Layout/Satz: Hug & Eberlein, Leipzig

E-Book-Produktion: CPI books GmbH, Leck

ISBN E-Book: 978-3-7296-2394-1

www.zytglogge.ch

INHALT

Vorab

Die blaue Mütze

Kuchen aus Kartoffelschalen

Splitter sammeln

Hungerwinter

Mein Kiez, die Friedrichstraße

Putzi, Hotte und die anderen

Straßenfeger

Gipfeli

Verknäult

Abgeschnappt

Telegramm aus Bremen

Die Kunst, «Mein Herr» zu sagen

Turbulenzen

Ein Anruf, der alles ändert

Buhs und Bravos

Hoch in den Wolken

Das blaue Haus

Finnische Wälder und Hamburger Tatorte

Musik neben und auf der Bühne

In die Welt hinaus

«Die haben es nicht kapiert.»

Neuanfänge

Thomas Blubacher: Charlie

Bildnachweise

Über die Autoren

Leseempfehlungen

VORAB

«Schreiben heißt, auf die Welt verzichten – dazu ist keine Zeit mehr!»

Das schrieb mir Freund Krug, als ich mich entschlossen hatte, auf eine erbetene und geplante Autobiografie zu verzichten. Was hier nun vorliegt, ist davon ein gutes Stück entfernt. Keiner Chronologie folgend, habe ich versucht, mich an Ereignisse und Dinge zu erinnern, die mir in meinem Leben wichtig und erzählenswert scheinen.

Aber ich möchte auch Fernando Pessoa zitieren: «Ich vergesse unabsehbar, ich vergesse mehr, als ich erinnern könnte.» Doch all das, woran ich mich erinnerte und es dann mit meinem geliebten Füllfederhalter zu Papier brachte, daran hatte ich viel Freude und Vergnügen.

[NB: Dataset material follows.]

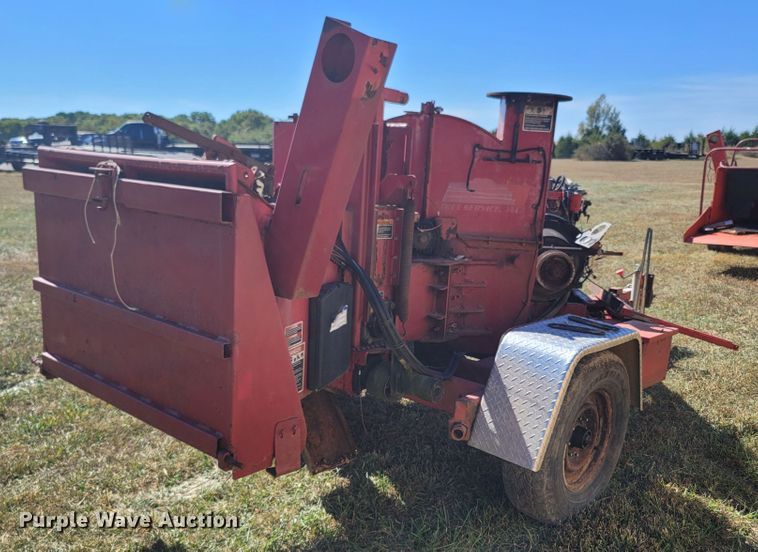 image for item LN9625 2011 Altec  wood chipper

Den Menschen, vor allem meiner Frau und Thomas Blubacher, denen es dann gelang, alles in eine gedruckte Form zu bringen, danke ich von ganzem Herzen. Und ich danke dem Zytglogge Verlag und Thomas Gierl, dass er sich auf so schöne Weise für mein «Sicherinnern» interessierte.

DIE BLAUE MÜTZE

Alles begann an einer Straßenbahnhaltestelle. An der Leipziger Straße, Ecke Friedrichstraße, Berlin-Mitte, im März 1946. Es war kalt, sehr kalt. So kalt, dass Menschen erfroren, auf der Straße oder zu Hause, denn es gab in diesem Winter nichts, womit man heizen konnte. «Du setzt die Mütze auf, sonst setzt es was!», kam von meiner Mutter. Es gab keine andere Mütze als die in himmelblau und noch dazu aus Samt. Mein Vater hatte sie während eines Fronturlaubs aus Frankreich mitgebracht. Ich fand sie trotzdem doof.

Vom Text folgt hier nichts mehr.